Problem statement: Without the pictures, output all of the data exactly.

The data:
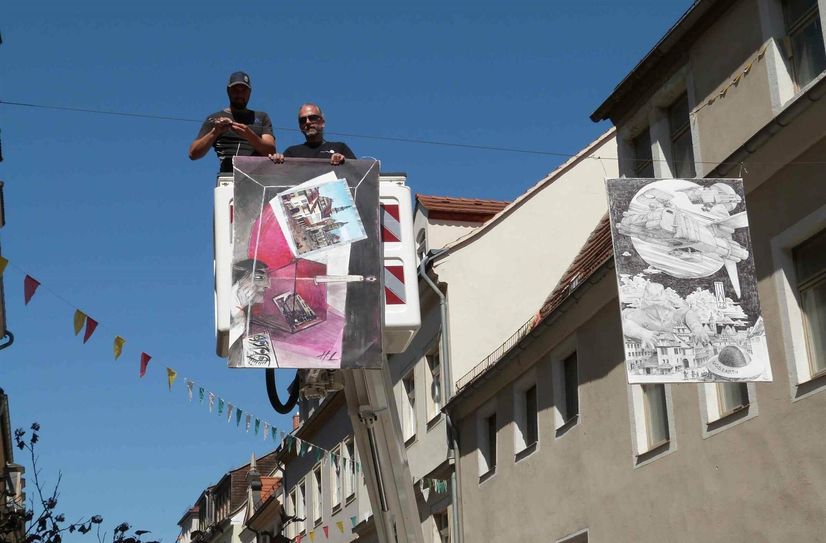 Mitarbeiter des Bauhofes hängen die Bilder der Straßengalerie auf.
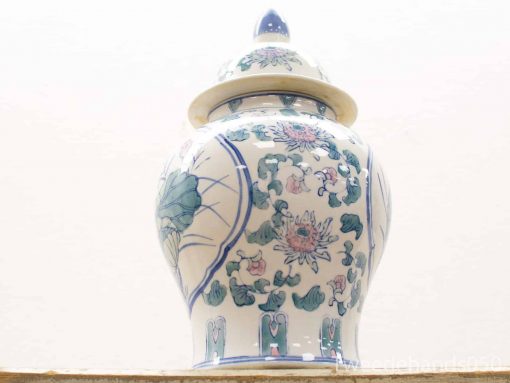 Elegant ceramic urn with lid, adorned with pastel floral designs and intricate craftsmanship.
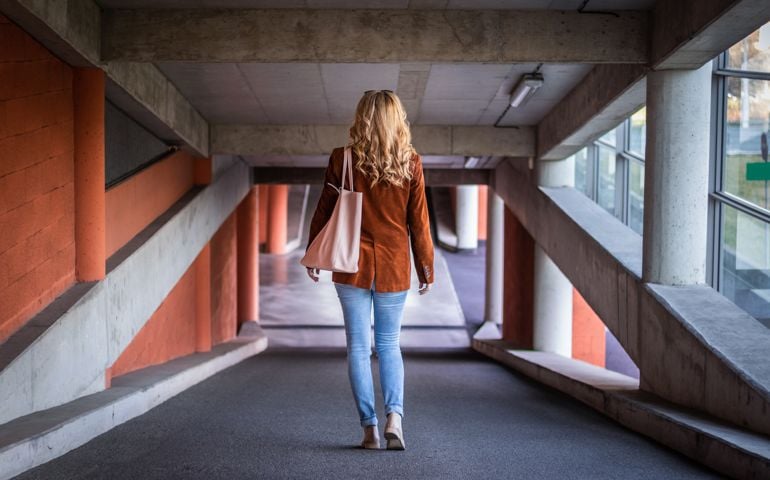 Stylish blond hair woman wearing corduroy jacket and jeans.
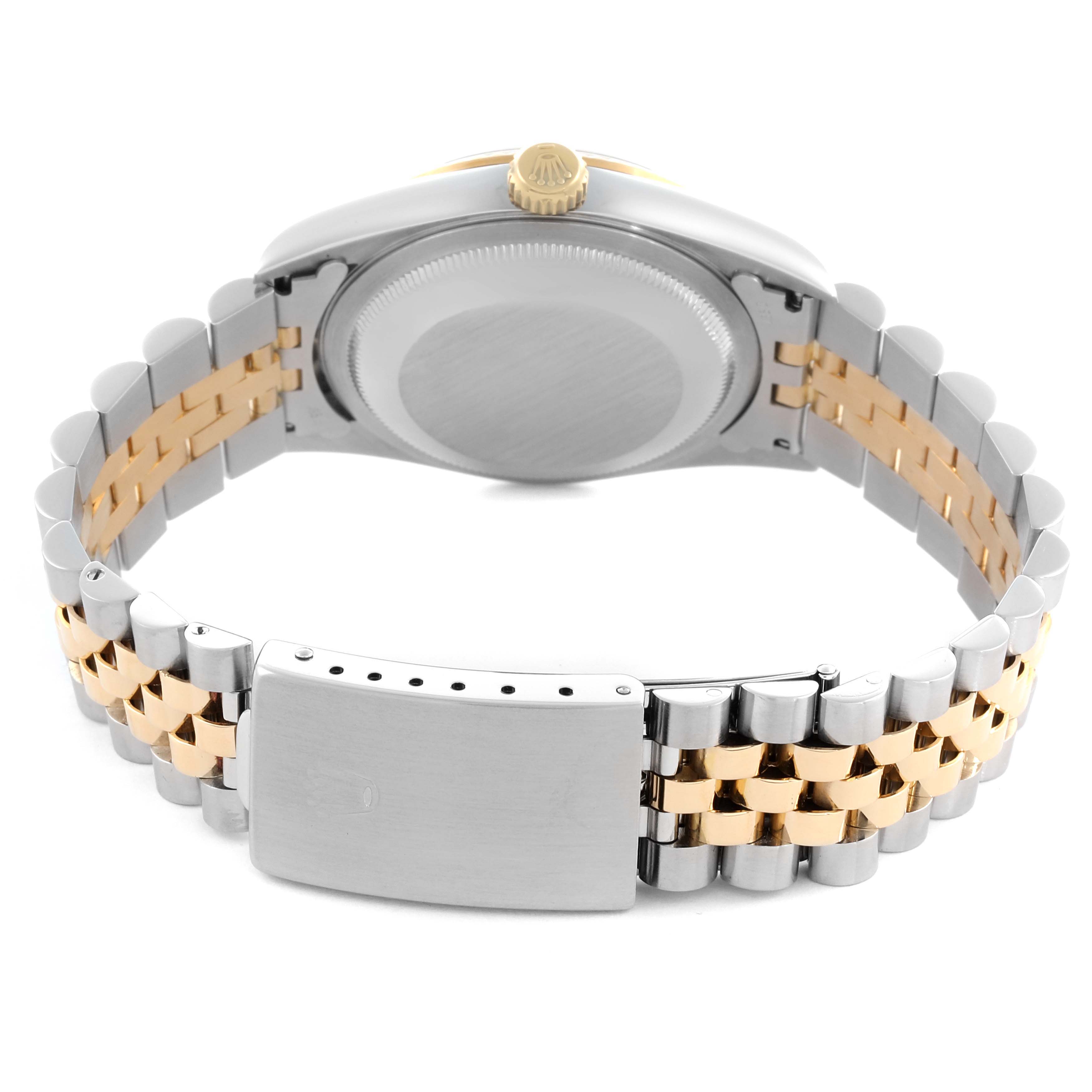 The image shows the backside of a Rolex Datejust 16233 Men's Steel and Gold (two tone) Black Dial 16233 Men's Steel and Gold (two tone) Black Dial watch, highlighting the case back and two-tone bracelet with clasp.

Result of this exercise:
 Mitarbeiter des Bauhofes hängen die Bilder der Straßengalerie auf.
 Elegant ceramic urn with lid, adorned with pastel floral designs and intricate craftsmanship.
 Stylish blond hair woman wearing corduroy jacket and jeans.
 The image shows the backside of a Rolex Datejust 16233 Men's Steel and Gold (two tone) Black Dial 16233 Men's Steel and Gold (two tone) Black Dial watch, highlighting the case back and two-tone bracelet with clasp.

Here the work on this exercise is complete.